Koniecznie Kwaśniewskiego chciałbyś postawić przed Trybunałem Stanu? Tak Ci śpieszno? A może lepiej J.Kaczyńskiego i Macierewicza za likwidacje wojskowego wywiadu oraz dekonspirację oficerów pracujących w terenie na całym świecie. Wiesz ile tego jest? Wiesz ilu ludzi poszło do piachu? A wiesz ilu współpracowników wraz z rodzinami gryzie ziemię tylko dlatego, że psychopata z bandytą politycznym przykleili się do władzy? Chcesz na ten temat pogadać? Ja mogę długo, kwieciście i na temat.
No i już wiadomo z jakimi zerami mamy do czynienia!
Fajnie, że mnie już dziś poinformowali o swojej piramidalnej głupocie.
Teraz z pewnością już na nich nie zagłosuje!
masz rację, ale nie chodziło mi o chwalenie Borowskiego, czy popieranie jego poglądów, bo nie lubię go i nie zgadzam się z nim, ale nie wydaje się człowiekiem niemądrym, tylko to miałem na myśli. A co do przeszłości Tuska to dzięki za informacje, bo nie wiedziałem.
Dobrze, że zgadzamy się co do pierwszego komentarza:)
i Kubasiewicz-Houee trochę czytałem, ale jeszcze poszukam coś na ich temat.

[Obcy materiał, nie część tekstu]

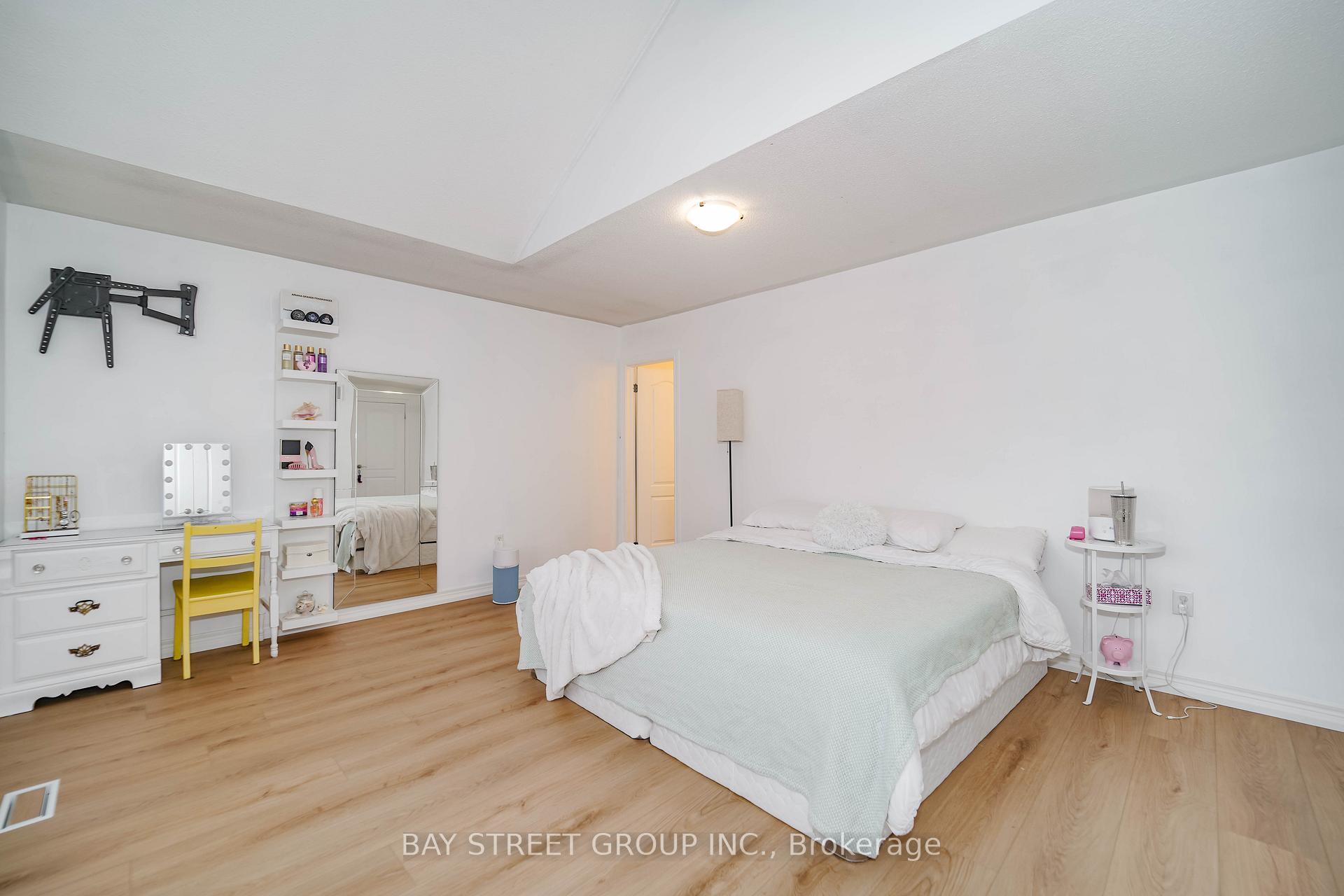 Photo 14 of 10 Morland Crescent, Aurora, Bayview Northeast — HOMEH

stara się podlizać PO to jest obrzydliwe, bo odbiera Platformie głosy i stawia ją w złym świetle.
Nie wyskakuj nam tu z łzawymi historyjkami a la James Bond. Czerwona banda powinna trafić przed oblicze TS za bezprawne, faktyczne wypowiedzenie wojny narodowi irackiemu i czyszczenie oficerek Debilju. Ci Twoi fikcyjni, zdemaskowani agenci, wąchający ponoć kwiatki od spodu wzruszyć mogą jedynie paru betonowych towarzyszy. Sushi z polonem serwują na razie wyłącznie siepacze Twojego ukochanego WłasoPutina.

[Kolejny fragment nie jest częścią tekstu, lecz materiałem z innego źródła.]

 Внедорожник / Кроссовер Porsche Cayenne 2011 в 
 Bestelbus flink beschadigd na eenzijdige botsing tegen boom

Tym którzy powaznie traktuja informację o poparciu Tuska przez LiD w wyborach prezydenckich gratuluje rozumu. Do wyborów prezydenckich jeszcze sporo czasu a wypowiedź Kwasniewskiego można traktowac jedynie jako wabik na PO. Tylko współpraca PO i LiD może odsunąc Kaczyńskiego, Ziobra i cały ten PiS od władzy.
A z drugiej strony skoro my z LiD nie jestesmy lewica to czemu wy 'jedyna i prawdziwa lewica" nie zaproponujecie aletrantywy dla wyborców. PPP to marna alternatywa wiec nic nie stoi na przeszkodzie abyście zbudowali coś co bedzie "prawdziwe"

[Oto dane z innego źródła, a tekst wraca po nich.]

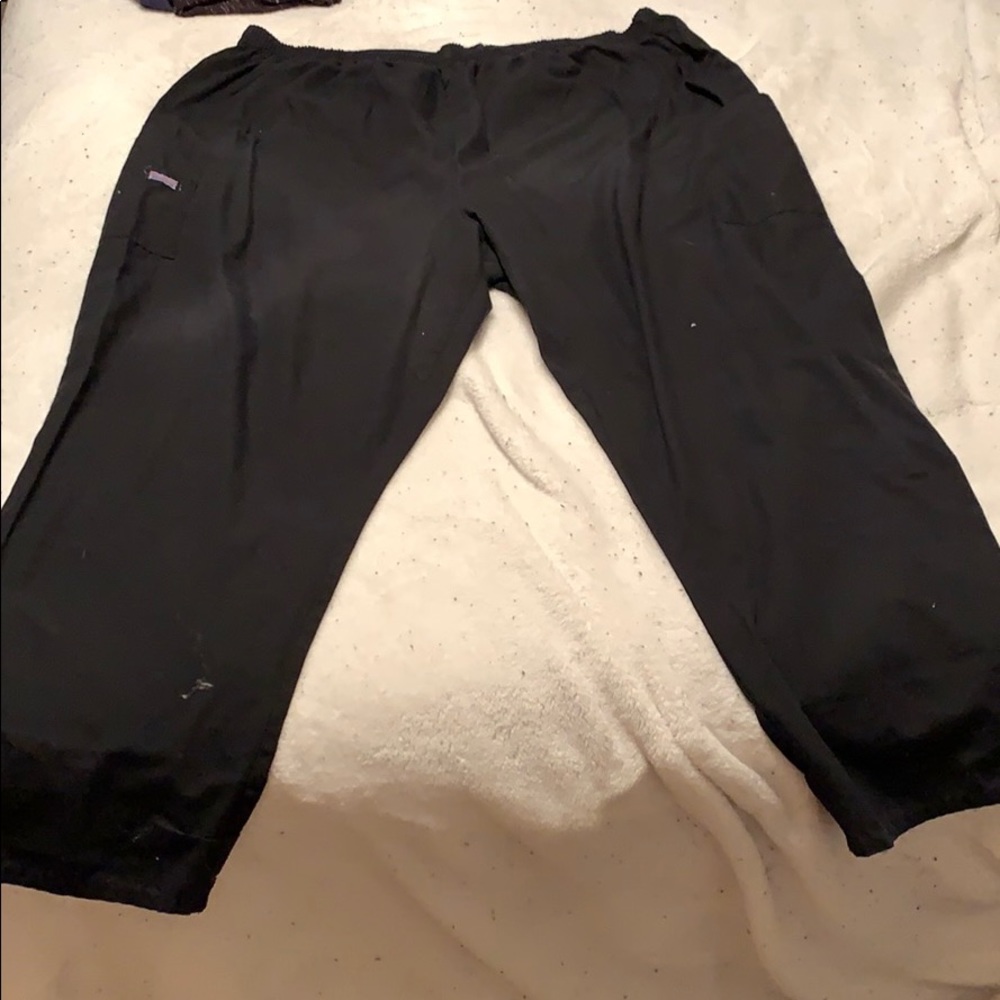 Scrub black pants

jeśli to prawda, co piszesz, to kolegów po fachu sturmbahnfuehrera Brunnera niekoniecznie warto żałować.
Masz rację, przyjdzie kolej i na bandytę z psychopatą. Ma rację Paweł i Michał. Zacząć powinno się od Kwacha, Killera, Szmaji, Belki... Kolejka się wydłuża. Może inni po nich zastanowili by się z pięć razy zanim zaczną się bawić w wielką polityką, nie mając o niej pojęcia, a jedynie włażac Debiliuszowi w odbytnicę.
A Donald pasuje na prezydenta jak ja do bikini...
Prawie nikt już nie ma złudzeń, że w Polsce istnieje lewica jako zorganizowana siła polityczna. I nieprędko ona powstanie, niestety.
Szczęśliwym trafem tego roku jest ciepło i sporo pada, będzie więc co robić w niedzielę wyborczą. Na grzyby, Rodacy, na grzyby!
A może by tak na ryby w grzybach? ;-)
W moim Nowym Kramsku nie ma zadnej lewicy i jakoś żyjemy.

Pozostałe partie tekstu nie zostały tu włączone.